Pengadilan AS membatalkan aturan visa H-1B Trump yang keras


MUMBAI / BENGALURU: Pengadilan distrik AS telah mengesampingkan dua aturan yang baru-baru ini diperkenalkan yang menahan perekrutan pekerja H-1B, dengan menaikkan gaji secara signifikan dan membatasi norma-norma kelayakan. Keputusan tersebut penting dari sudut pandang orang India yang sudah ada di AS, yang aplikasi H-1B-nya akan diajukan untuk pembaruan dan juga mereka yang bercita-cita untuk bekerja di AS.
Aturan-aturan ini diundangkan dengan basis jalur cepat dan diperkenalkan sebagai aturan final sementara pada awal Oktober, tanpa prosedur normal mengundang komentar publik dan melakukan pemeriksaan yang sama – proses yang dapat memakan waktu beberapa bulan.
Hakim Jeffrey S White dari pengadilan distrik AS (Distrik Utara California), dalam perintahnya tertanggal 1 Desember, menyatakan bahwa pemerintahan Trump telah gagal untuk menunjukkan ada alasan yang baik untuk membuang wacana rasional dan bijaksana yang disediakan oleh Administrasi. Prosedur Pemberitahuan Undang-undang dan persyaratan komentar.

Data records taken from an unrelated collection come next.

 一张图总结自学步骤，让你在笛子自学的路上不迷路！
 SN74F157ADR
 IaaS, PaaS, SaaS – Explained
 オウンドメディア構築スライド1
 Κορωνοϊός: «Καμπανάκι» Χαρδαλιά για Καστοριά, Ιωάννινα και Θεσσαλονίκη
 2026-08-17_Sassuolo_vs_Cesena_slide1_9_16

Orang India merupakan bagian terbesar dari penerima visa H-1B. Hampir 2,78 lakh (atau 72%) dari visa H-1B yang dikeluarkan atau diperbarui selama tahun fiskal yang berakhir pada 30 September 2019 dialokasikan untuk orang India. Aturan yang dikeluarkan oleh Departemen Tenaga Kerja (DOL), yang berlaku mulai 8 Oktober, secara signifikan menaikkan gaji pekerja H-1B dan pemegang kartu hijau berbasis pekerjaan sebesar 40% hingga 100%.

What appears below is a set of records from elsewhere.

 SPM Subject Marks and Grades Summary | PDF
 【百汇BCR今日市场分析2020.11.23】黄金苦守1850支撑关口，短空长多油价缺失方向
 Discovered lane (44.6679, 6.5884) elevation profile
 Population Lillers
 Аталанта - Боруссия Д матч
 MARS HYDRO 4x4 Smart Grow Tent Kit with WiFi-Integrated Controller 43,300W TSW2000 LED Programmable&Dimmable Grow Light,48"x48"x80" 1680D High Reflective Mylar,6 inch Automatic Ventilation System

Aturan lain yang dikeluarkan oleh Departemen Keamanan Dalam Negeri (DHS), yang akan berlaku mulai 7 Desember, telah menetapkan norma kelayakan yang lebih ketat untuk visa H-1B dengan membuat definisi sempit tentang hubungan majikan-karyawan dan pekerjaan khusus. Hal ini akan menyebabkan lonjakan tingkat penolakan penerapan HB. Aturan DHS juga telah membatasi masa berlaku visa menjadi satu tahun, dalam hal penempatan pekerja oleh pihak ketiga.
Badan-badan ini telah membenarkan penerapan peraturan yang cepat dengan alasan bahwa jalur cepat diperlukan untuk mendukung pekerja Amerika karena kejatuhan ekonomi yang merugikan akibat pandemi Covid-19. Tiga tuntutan hukum diajukan ke pengadilan distrik di AS. Kasus ini terkait dengan gugatan yang diajukan oleh Kamar Dagang AS, The Bay Area Council, Stanford University, dan beberapa lembaga pendidikan dan asosiasi perdagangan lainnya.

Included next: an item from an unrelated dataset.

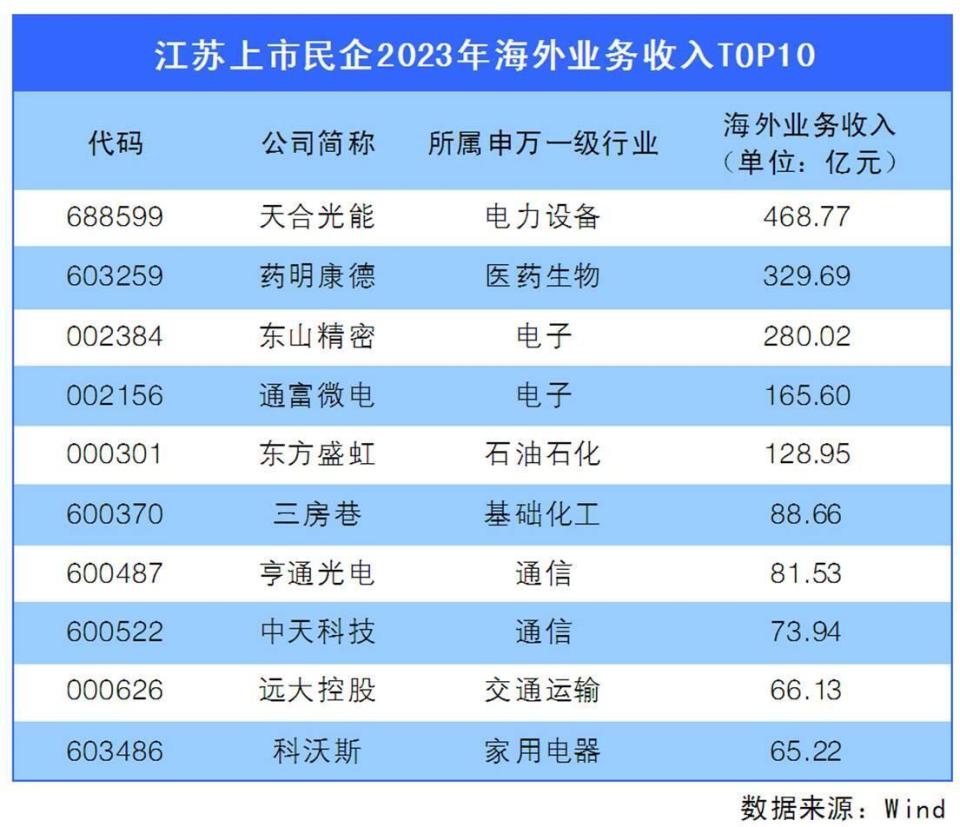 江苏上市公司一季报透视:攀高,逐新,扬帆,543家制造业企业投入203亿元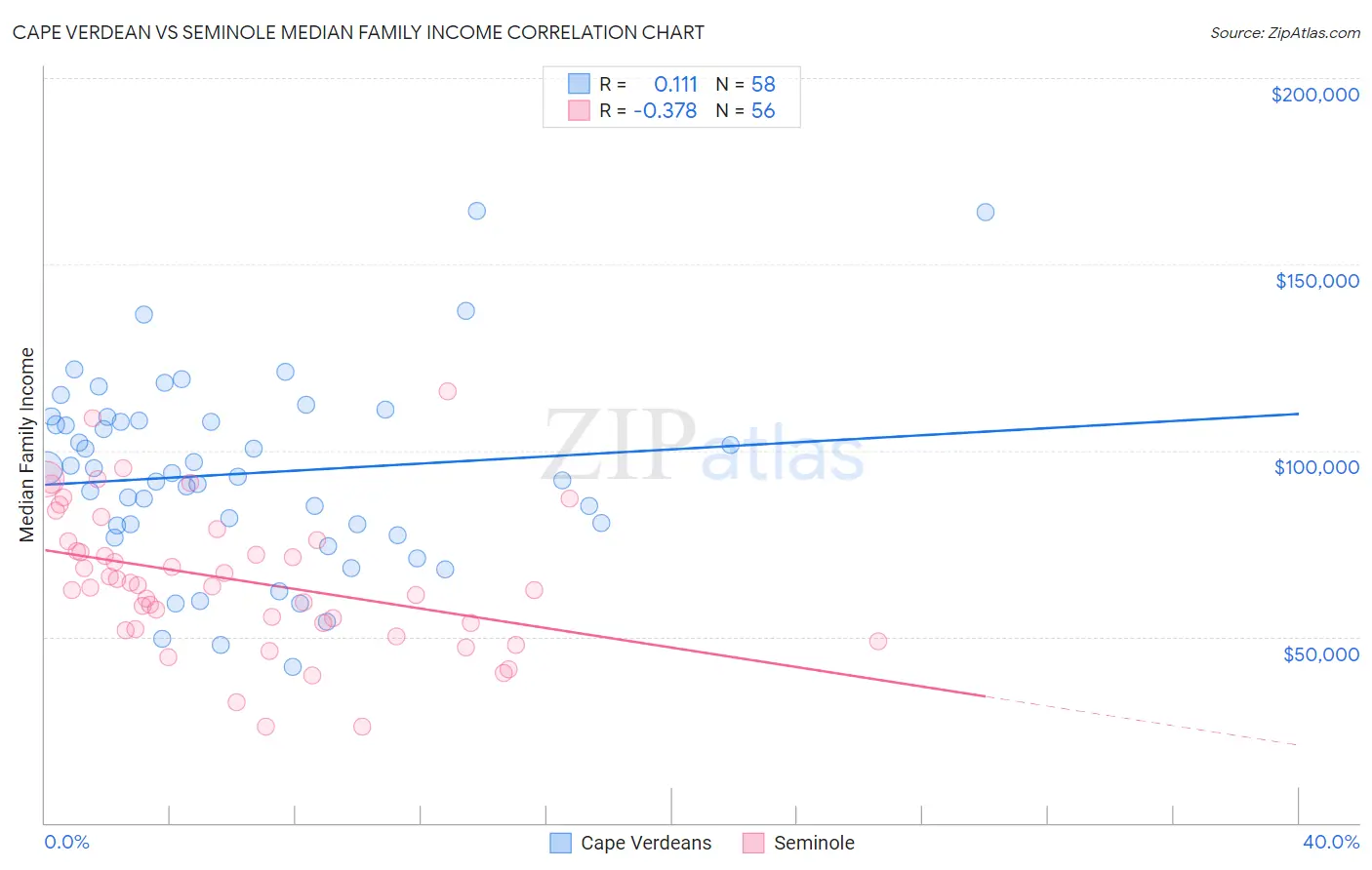 Cape Verdean vs Seminole Median Family Income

Aturan DHS sekarang tidak akan berlaku pada 7 Desember. Selanjutnya, aturan DOL yang berlaku pada 8 Oktober sekarang tidak lagi berlaku. Namun, kemungkinan naik banding tidak bisa dikesampingkan. Mitch Wexler, mitra yang berbasis di California di Fragomen, sebuah firma hukum imigrasi global, mengatakan kepada TOI, “Putusan tentang keputusan ringkasan, pengadilan distrik menemukan bahwa agensi tidak memiliki alasan kuat untuk mengabaikan pemberitahuan dan mengomentari prosedur pembuatan aturan yang melanggar Undang-Undang Tata Cara Administrasi. Keputusan itu segera membatalkan aturan. Namun, pemerintah diharapkan untuk mengajukan banding atas keputusan tersebut, dengan cara yang cepat. ”
Nasscom, yang telah mengirimkan komentar atas nama perusahaan anggotanya dan telah berusaha untuk membatalkan aturan akhir sementara, menyambut baik perintah pengadilan tersebut. Dalam pernyataannya, dikatakan bahwa berbagai penelitian telah menunjukkan bahwa program H-1B memainkan peran penting dalam membantu perusahaan AS mengamankan rangkaian keterampilan yang tidak dapat mereka temukan secara lokal dan bahwa karyawan berketerampilan tinggi ini memberikan manfaat yang luar biasa bagi pemberi kerja mereka dan AS sebagai semua. Bahkan selama puncak lonjakan pengangguran tahun ini yang disebabkan oleh pandemi Covid-19, pengangguran di sektor TI tetap sangat rendah dari 3% pada Januari 2020 menjadi 3,5% pada September 2020.